Ron Stallworth (interpretato da John David Washington, figlio del celebre Danzel) è il primo afroamericano a diventare poliziotto a Colorado Springs. Fiero di essere nero (sfoggia senza problemi una vistosa capigliatura rasta) e per niente intimorito dalle pressioni di chi lo vede fuori posto nella polizia o intende discriminarlo per il colore della sua pelle, ha l’ambizione di fare qualcosa di concreto per cambiare dall’interno un sistema di discriminazioni che perdura da troppo tempo in uno stato conservatore e nazionalista come il Colorado.

Un po’ per gioco, un po’ come provocazione nei confronti della stessa polizia per cui lavora, che non lo valorizza, sottostimandolo, si finge per telefono un sostenitore delle ideologie xenofobe del Ku Ku Ku Klan, comunicando proprio con i leader della comunità del Colorado, e innesca un’operazione sotto copertura. Essendo di colore, Stallworth ha la necessità di essere aiutato da un altro agente (Adam Driver), il quale lo sostituisce per indagare sul campo sulle attività dei membri del Clan. L’operazione, partita quasi con scopo irriverente, diventerà ben presto più seria. Nel frattempo Stallworth si è anche infiltrato nella comunità delle Black Panter, per ordine della polizia, anche se non condivide il loro estremismo, perché la rivoluzione possa essere anche non violenta e svolgersi tramite le stesse istituzioni.

Da questa vicenda per molti versi marginale e meno potente di altre che sono state portate sullo schermo dallo stesso Spike Lee (per esempio la schiavitù della droga in Clockers) e da altri registi che hanno parlato del Ku Ku Klan (come nel potente Mississipi Burning di Alan Parker) il regista afroamericano trae fuori un vero e proprio manifesto antirazzista che parte come una commedia, ma assume poi i contorni del dramma e del discorso politico.

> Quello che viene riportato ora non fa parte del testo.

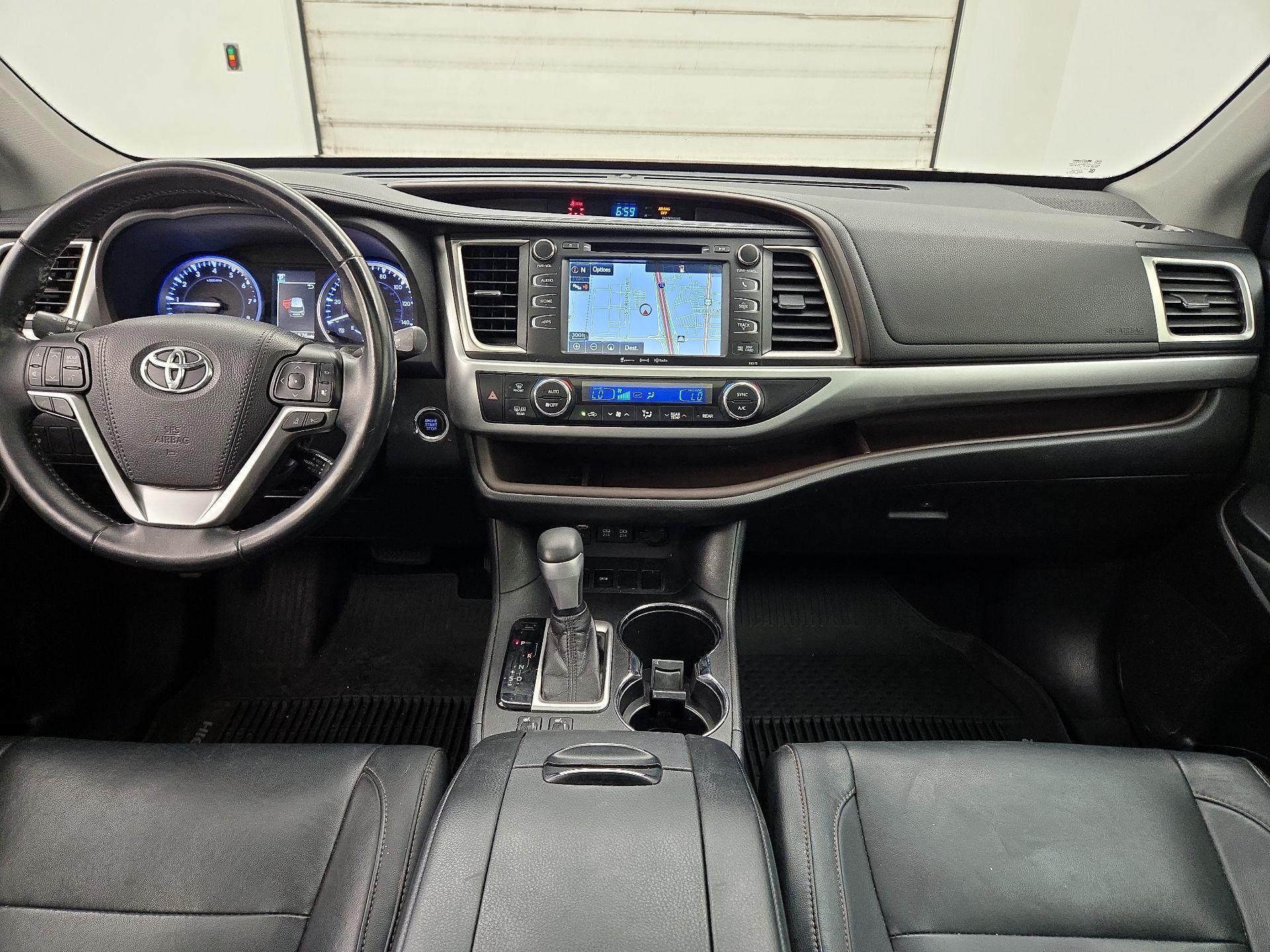 Thumbnail: 2017 Toyota Highlander - 9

Sebbene il film sia girato con eleganza e sia molto chiaro nel denunciare la stupidità del Ku Ku Klan, diventando a tratti una satira contro i “bianchi incappucciati” (come sottolinea l’ironico titolo che gioca con le parole Klansman, uomo del clan, e il termine Ku Ku Klan) e contro l’estremismo dei valori su cui esso si fonda; a lungo andare però l’opera risulta per certi versi verbosa e ridodante, soprattutto perché “stira” il suo contenuto su una vicenda in fondo esile rispetto al vasto e complesso fenomeno del razzismo.

Non mancano certo scene interessanti, come ad esempio quella in cui i membri del Clan guardano con compiacimento e derisione la pellicola “Nascita di una nazione” di Griffith, film palesemente razzista, che ,realizzato da uno dei più grandi registi dell’epoca, ebbe il potere di risvegliare il razzismo e la xenofobia di molti americani che la covavano in segreto, coltivando rancore verso la vittoria dei nordisti sugli schiavisti del sud nella guerra di Secessione.

In questa scena è come se il cinema manifesto di Spike Lee si scontrasse con il cinema manifesto che a suo tempo fu di Griffith. Due ideologie totalmente opposte, entrambe in qualche modo volte a sbeffeggiare l’avversario: in modo plateale ed epico, Griffith; attraverso una sottile ed elegante satira Lee.

Nonostante le interpretazioni convincenti, bei dialoghi, personaggi ben costruiti e una bella colonna sonora, BlacKkKlansman, appare però complessivamente ripetitivo e troppo carico in alcune scene, come se il regista volesse rimarcare non una ma più volte la sua idea antirazzista, che di certo arriva al pubblico e ai destinatari; ma l’impressione finale, al livello cinematografico è quella di un film a tratti troppo pieno e dalla durata eccessiva, che, se fosse durato di meno non sarebbe stato di certo meno potente nel trasmettere il suo ben chiaro messaggio.

Spike Lee fa di questa vicenda un manifesto: il riscatto del poliziotto nero che lotta per i propri diritti e per contrastare il razzismo con la legge piuttosto che con la violenza; ma come si diceva la vicenda ha infine conseguenze modeste, che non riscono a cogliere attraverso le immagini la crudezza e la spinosità del tema, qui affidate più alle parole, ai dialoghi e all’ironia, più che che scene filmiche di denuncia. Troppe parole dunque, che girano intorno, in fondo a pochi fatti.

Nel complesso non il film più potente, né il più stratificato di Spike Lee nella sua lotta contro il razzismo.